**What you have to do**
Exactly the lines below from the one with "This video covers" up to and including the one with "Hello, in this" make up the answer, with nothing else added.
─── Data to process ───
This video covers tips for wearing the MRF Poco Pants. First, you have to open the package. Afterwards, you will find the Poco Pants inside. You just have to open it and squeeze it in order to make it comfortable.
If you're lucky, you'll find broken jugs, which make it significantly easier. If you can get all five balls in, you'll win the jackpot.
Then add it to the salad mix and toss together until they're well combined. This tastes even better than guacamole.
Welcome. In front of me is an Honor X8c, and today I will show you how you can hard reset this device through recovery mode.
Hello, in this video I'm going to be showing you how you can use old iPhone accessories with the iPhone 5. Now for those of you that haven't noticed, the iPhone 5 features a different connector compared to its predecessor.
───
─── Data to process ───
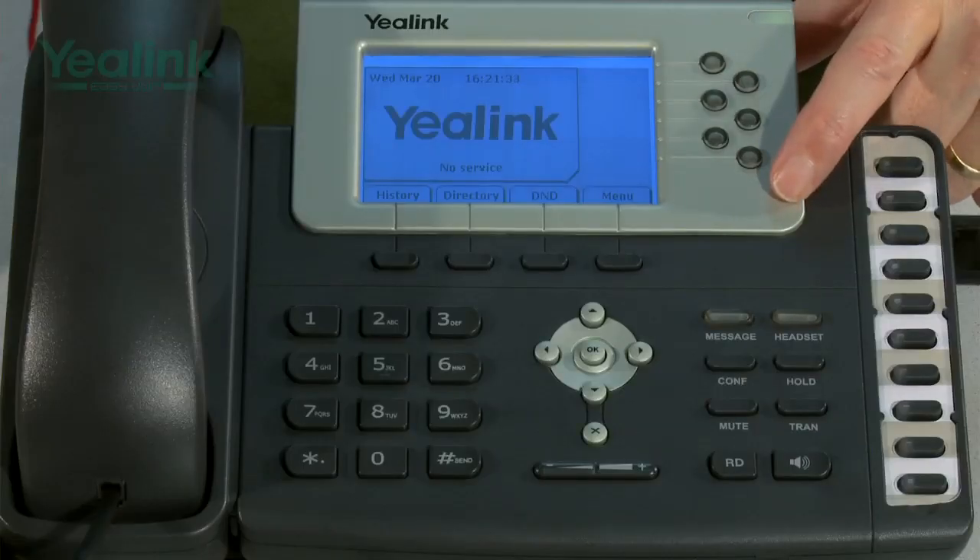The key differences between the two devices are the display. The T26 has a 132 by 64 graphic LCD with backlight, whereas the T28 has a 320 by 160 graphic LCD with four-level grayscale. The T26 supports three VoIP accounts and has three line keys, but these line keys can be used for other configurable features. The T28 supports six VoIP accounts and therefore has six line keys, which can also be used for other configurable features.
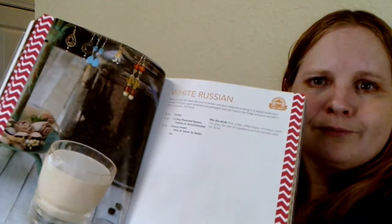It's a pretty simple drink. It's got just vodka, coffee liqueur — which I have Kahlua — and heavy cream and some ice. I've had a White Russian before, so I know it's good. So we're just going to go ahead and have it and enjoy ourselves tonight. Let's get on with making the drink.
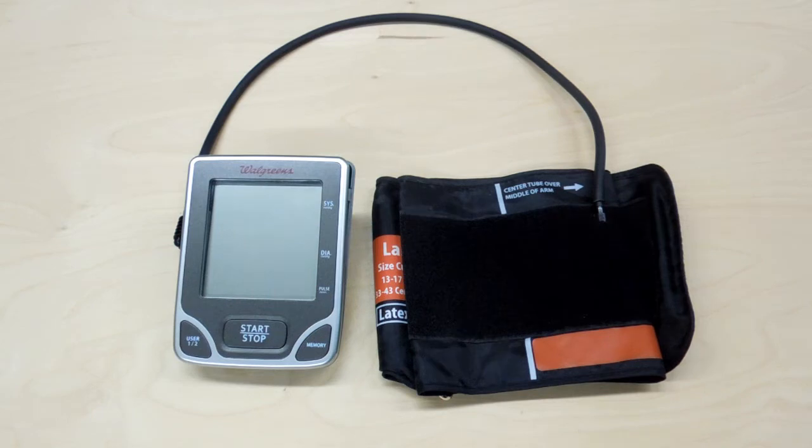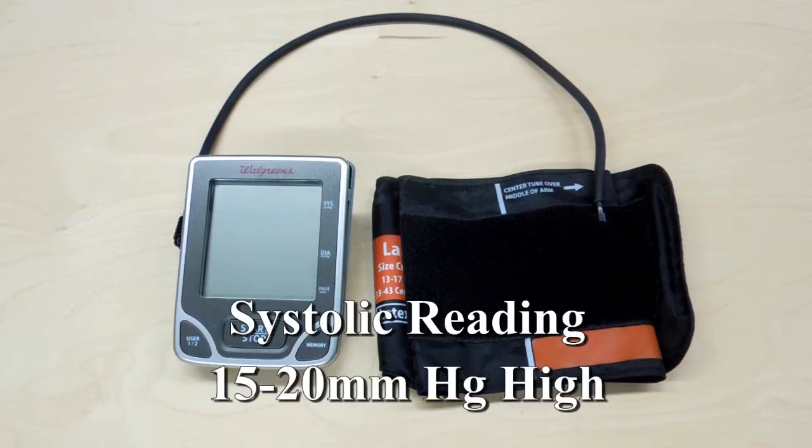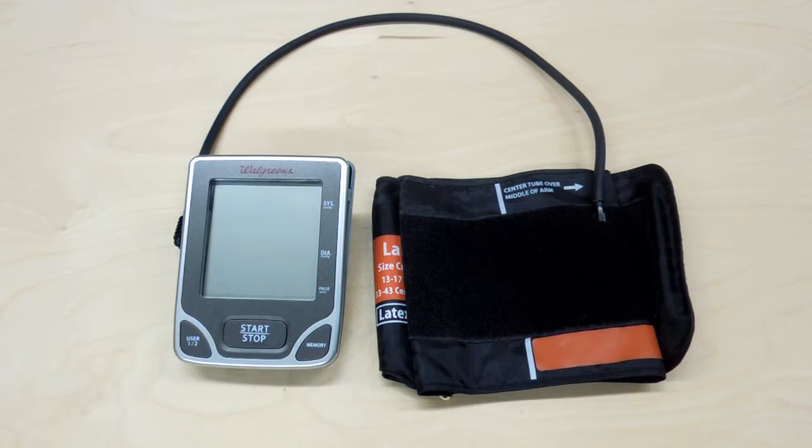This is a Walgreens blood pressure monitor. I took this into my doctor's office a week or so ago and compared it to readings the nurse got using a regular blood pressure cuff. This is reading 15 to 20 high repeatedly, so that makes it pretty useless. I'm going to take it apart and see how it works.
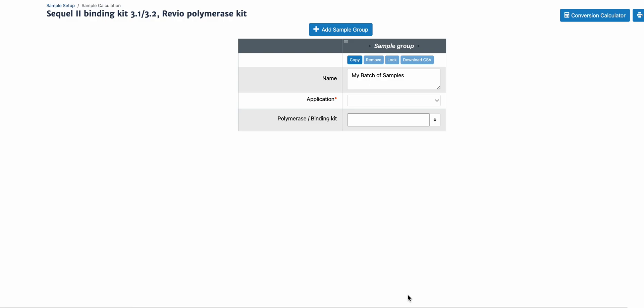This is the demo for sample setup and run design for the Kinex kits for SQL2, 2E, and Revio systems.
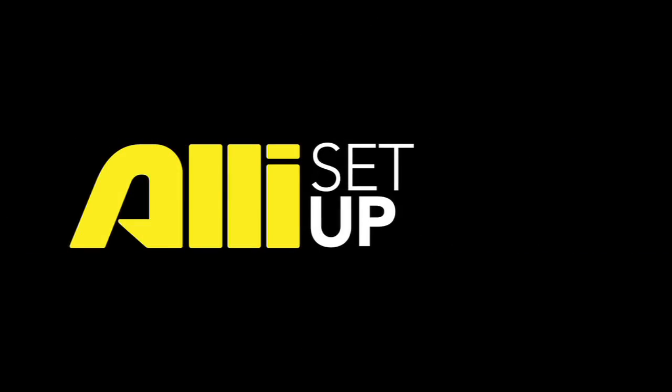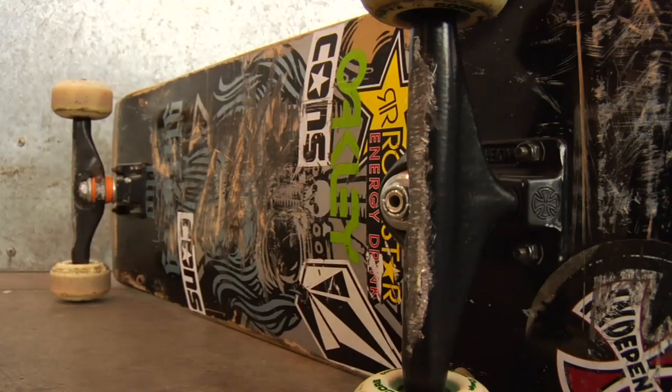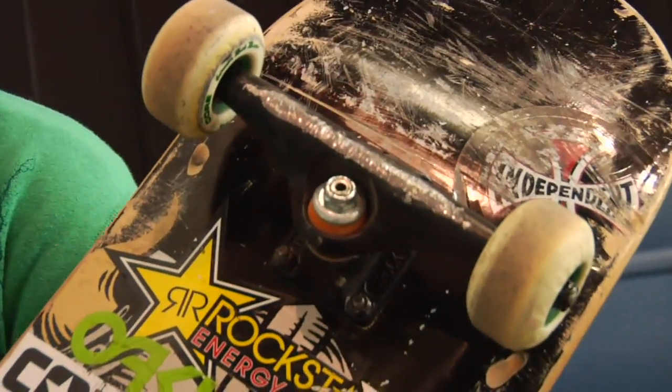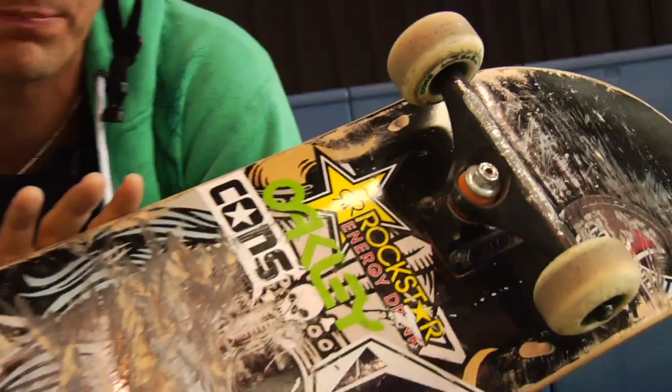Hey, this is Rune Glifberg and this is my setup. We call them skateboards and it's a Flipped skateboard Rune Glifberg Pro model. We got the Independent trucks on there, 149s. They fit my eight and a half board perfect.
───
**Output**
This video covers tips for wearing the MRF Poco Pants. First, you have to open the package. Afterwards, you will find the Poco Pants inside. You just have to open it and squeeze it in order to make it comfortable.
If you're lucky, you'll find broken jugs, which make it significantly easier. If you can get all five balls in, you'll win the jackpot.
Then add it to the salad mix and toss together until they're well combined. This tastes even better than guacamole.
Welcome. In front of me is an Honor X8c, and today I will show you how you can hard reset this device through recovery mode.
Hello, in this video I'm going to be showing you how you can use old iPhone accessories with the iPhone 5. Now for those of you that haven't noticed, the iPhone 5 features a different connector compared to its predecessor.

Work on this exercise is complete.